# Need help with coding breast biopsy



## tlm5506 (Dec 6, 2011)

Hello everyone.
My physician performed a wire localization right breast biopsy. That is what he dictated for the title of the procedure. However, in the actual op note he mentions nothing of placement of the wire. He made an incision over the end of the wire and removed the abnormality. I am assuming the wire was placed preoperatively, and if that's the case then I am having difficulty with coding this procedure. I chose a 19101, but I am unsure if this is correct. Thanks for the help.


----------



## dkaran (Dec 6, 2011)

*Breast Biopsy*

19101 is my view is correct. A biopsy and an incision was done.


----------



## TonyaMichelle (Dec 6, 2011)

In the physician note, is it understood that the lesion was removed during the biopsy?, because in your question, you stated that the doctor removed the abnormality, and if so, that would be an excision of breast mass in which code 19125 including the markers, would be appropiate.


----------



## rkerekes (Dec 6, 2011)

If the wire was placed pre-operatively for localization and the physician excised the breast mass or lesion I would use Cpt 19125.


----------



## Lujanwj (Dec 6, 2011)

I like 19125 as well because of the "Preoprative placement of radiological Marker". 

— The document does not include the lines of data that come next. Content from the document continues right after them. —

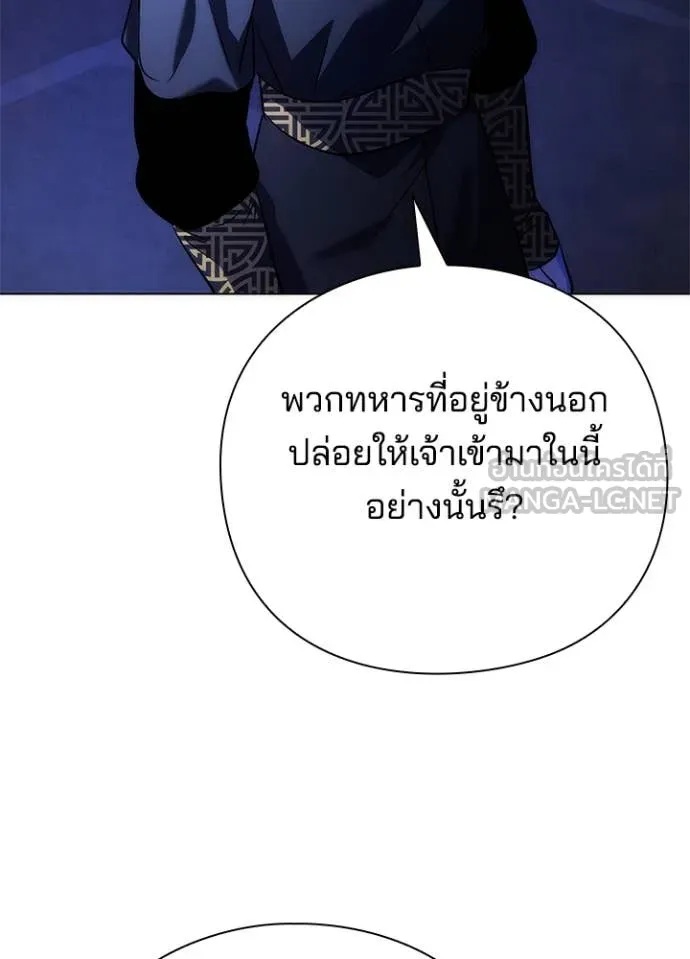 คืนแห่งโทแกบี ตอนที่ 72 รูปที่ 43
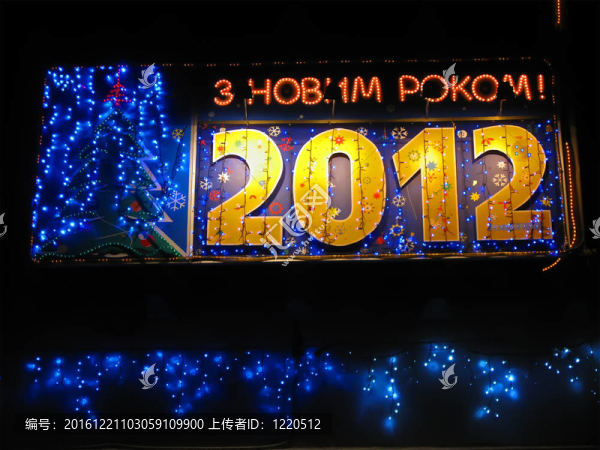 新年快樂(lè)2012！烏克蘭文字；照明細(xì)節(jié)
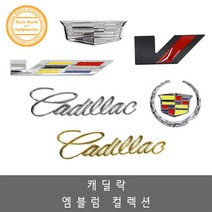 캐딜락 XT4 XT5 XT6 엠블럼 포인트 튜닝 스티커, 휀다 블랙노멀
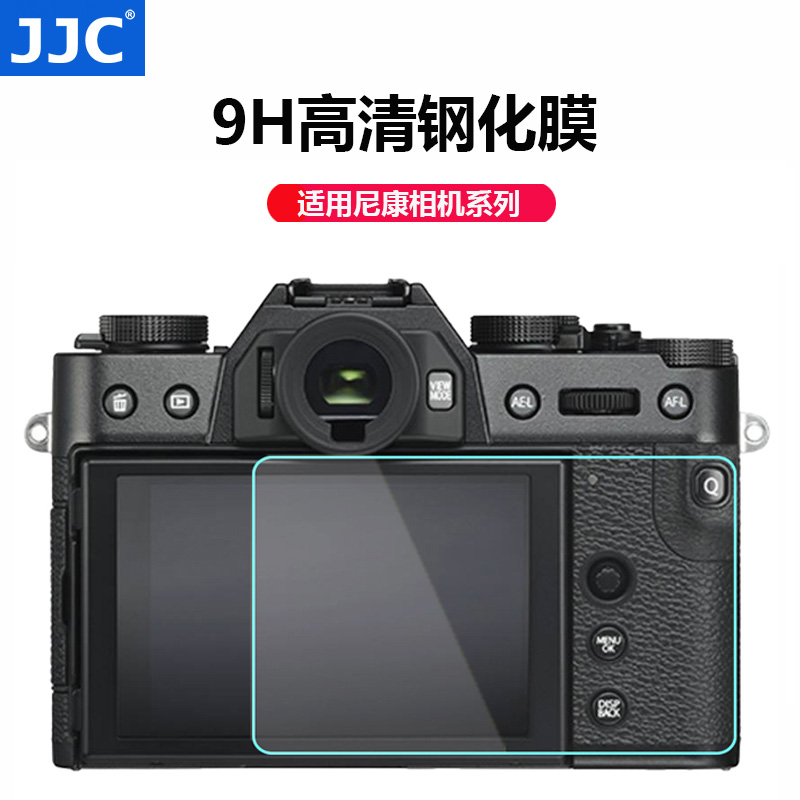 JJC Nikon D750 single eye steel film gold steel screen glass film camera screen Anti-collision strip film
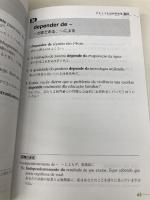 CD[MP3]付 会話と作文に役立つポルトガル語定型表現365 三修社 田所 清克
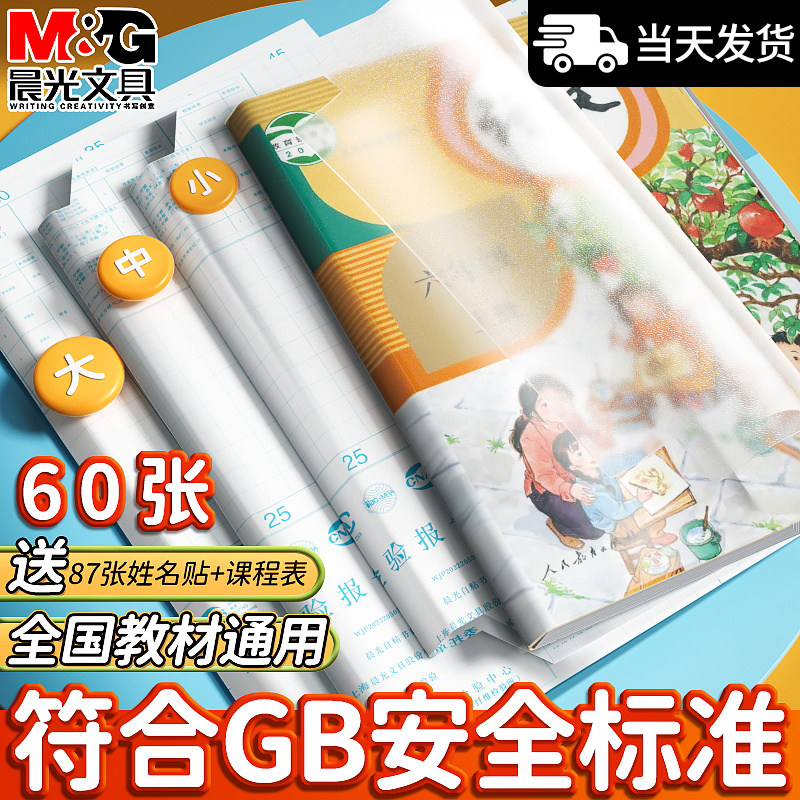 晨光自粘包书皮透明磨砂16K书皮纸防水书壳课本包书膜小学生一年级书本保护套二三四五年级上下册全套包书套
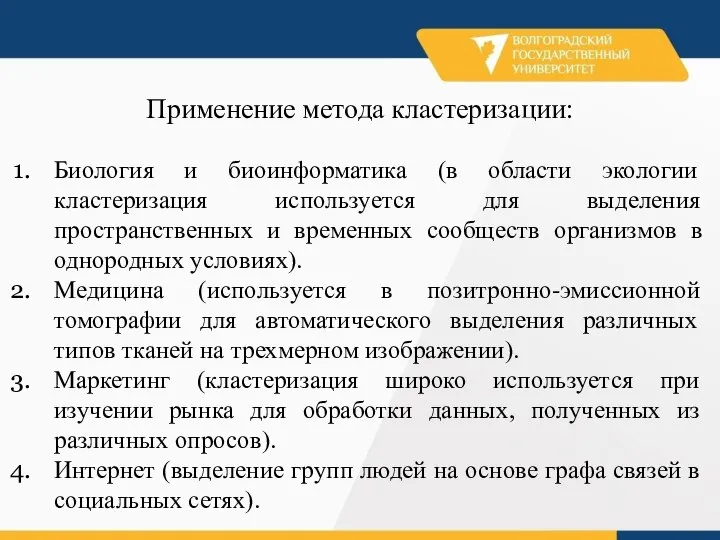 Применение метода кластеризации: Биология и биоинформатика (в области экологии кластеризация используется для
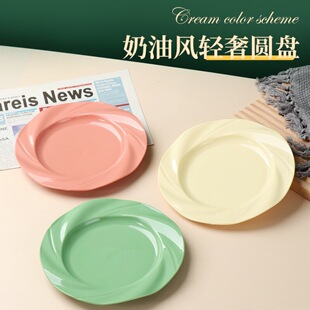 ���ψA�P�p�������Lins�߼�����Ʒ�P�ͱP����ˮ���P����P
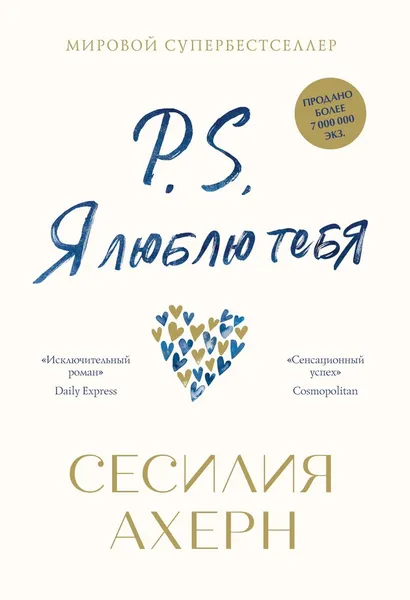 Обложка книги P.S. Я люблю тебя, Ахерн Сесилия; Дубицкая Ольга; Визель Михаил; Владимирская Екатерина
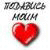 masmanjut's picture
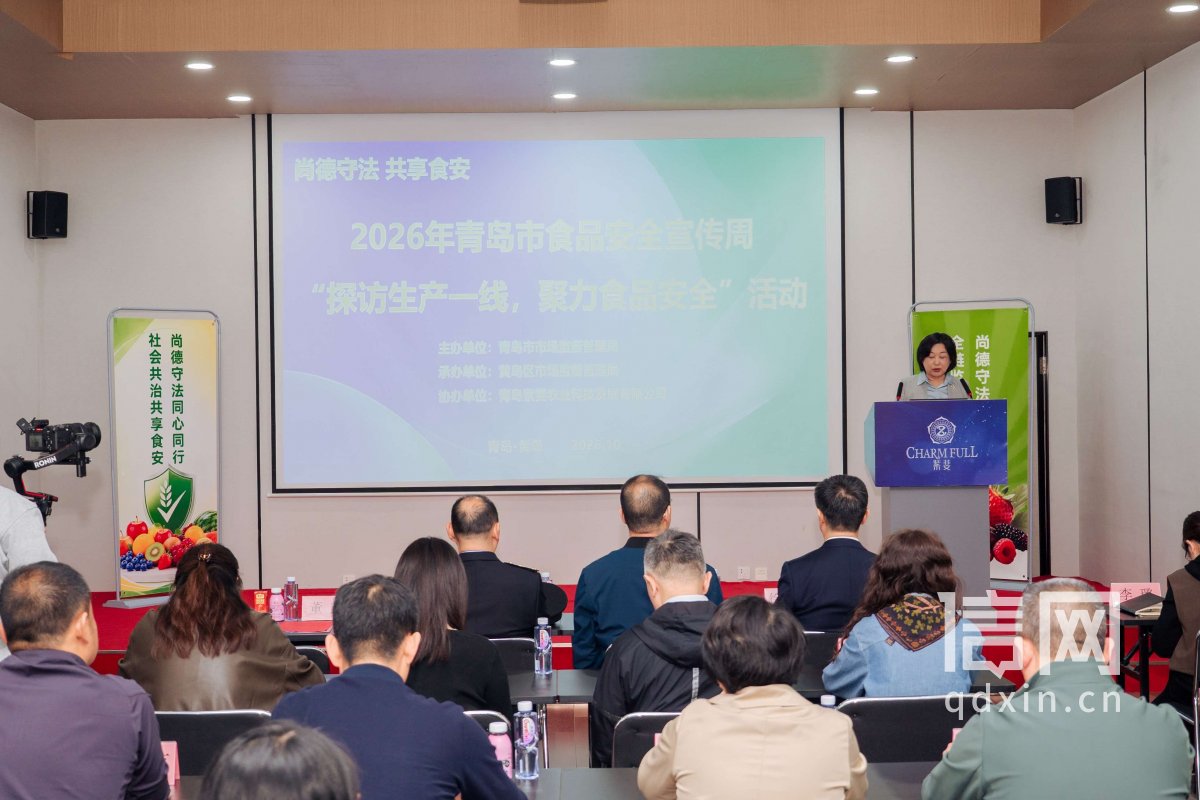 青岛市市场监管局开展&ldquo;探访生产一线 聚力食品安全&rdquo;活动（来源：青岛市市场监管局）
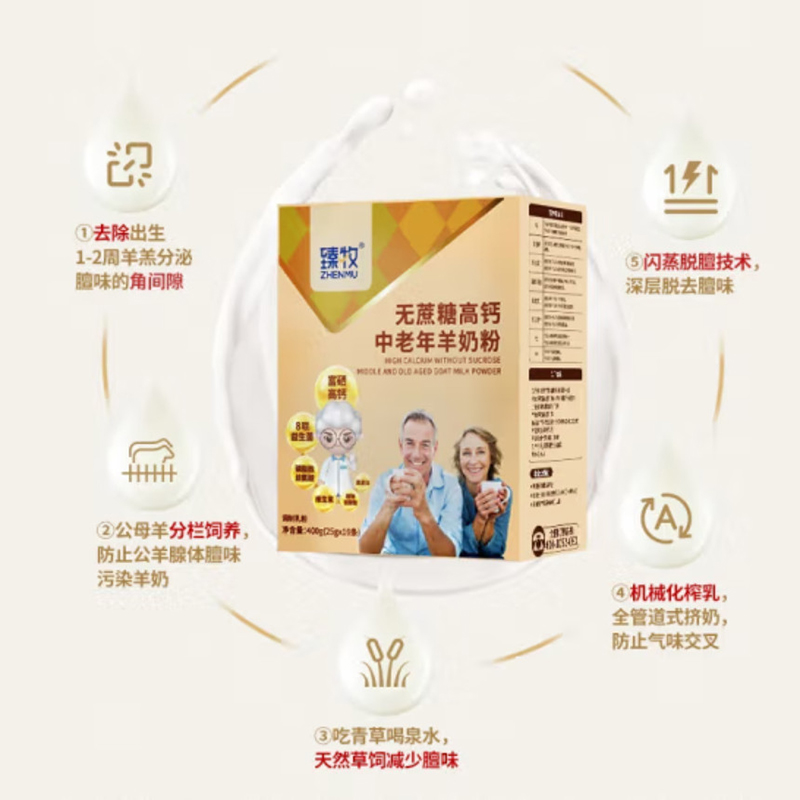 臻牧 无蔗糖中老年羊粉 400g/盒 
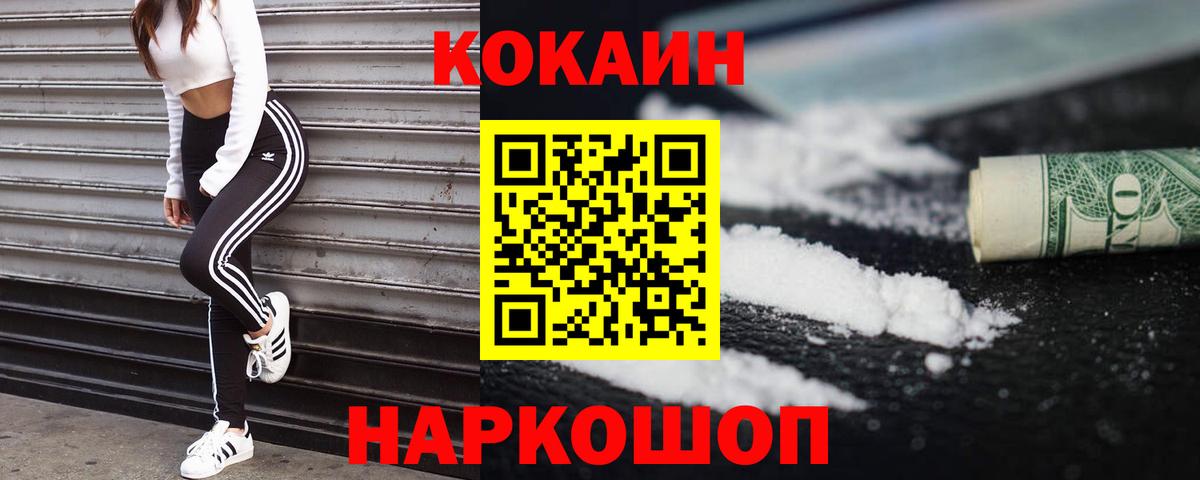 дарнет шоп  COCAIN FishScale  Cocaine Эквадор  Вход с VPN  Кулебаки 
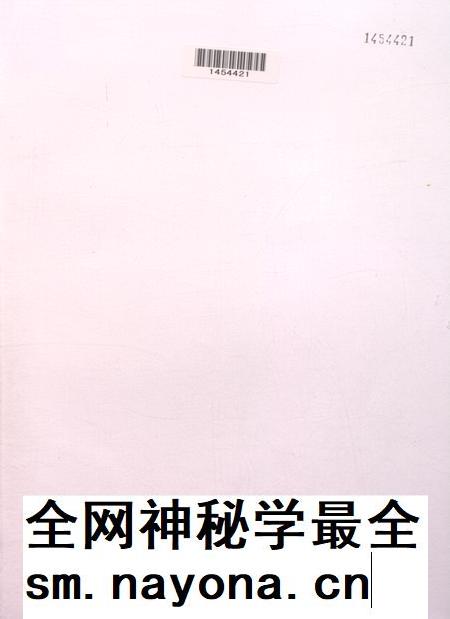 盐城年鉴 2011.pdf电子版_江苏省志插图2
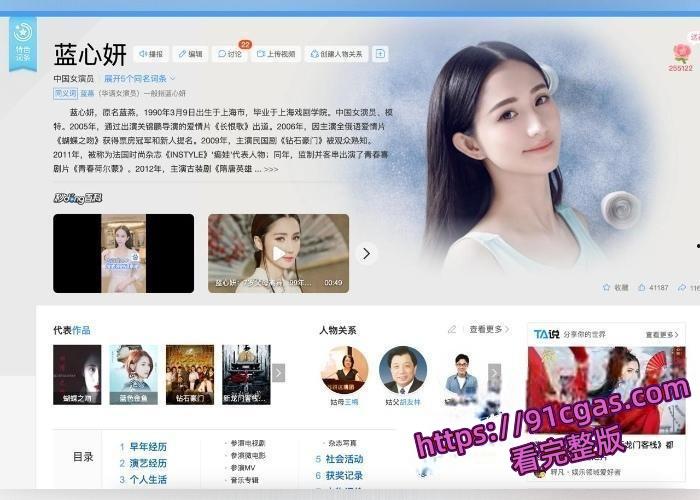 上海戏剧学院科班女演员 蓝心妍 完美性感身材全裸展示视频完整版-13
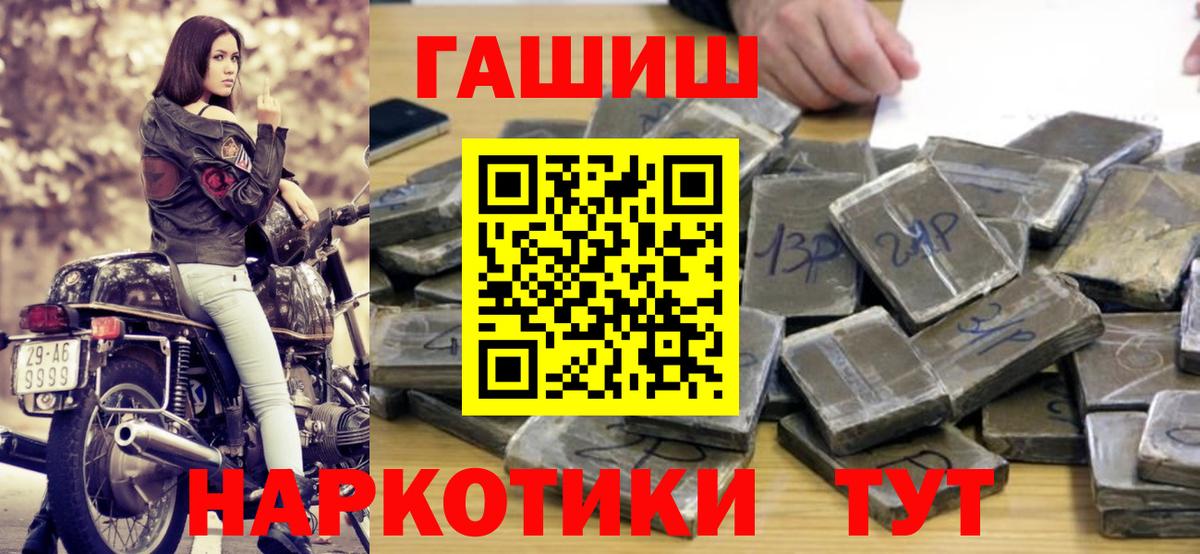 ГАШИШ Изолятор  ГАШИШ Изолятор  цены   Кубинка  Вход с VPN 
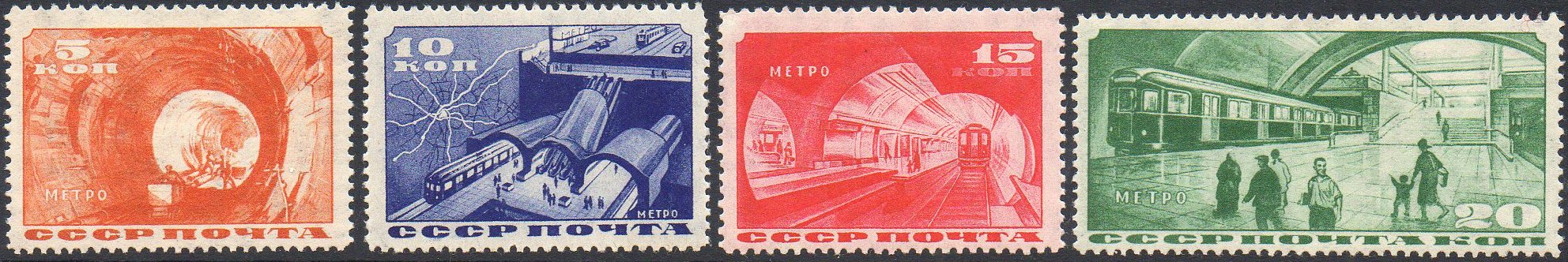 Russia 1935 Moscow Underground Railway 20k Specimen ОБРАЗЕЦ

Remember, almost everything taken from the body will be biopsied so it's the actual "removal of the abnormality" or lesion that is the coded.


----------



## LindaEV (Dec 6, 2011)

Agree with the 19125. 
He would not be wrong in referring to it as a "wire-localized" biopsy even if he didn't place the wire. Sometimes these are placed by the radiologist before hand. There is a wire there to guide him, and so his terminology is correct.


----------



## codedog (Dec 6, 2011)

19125


----------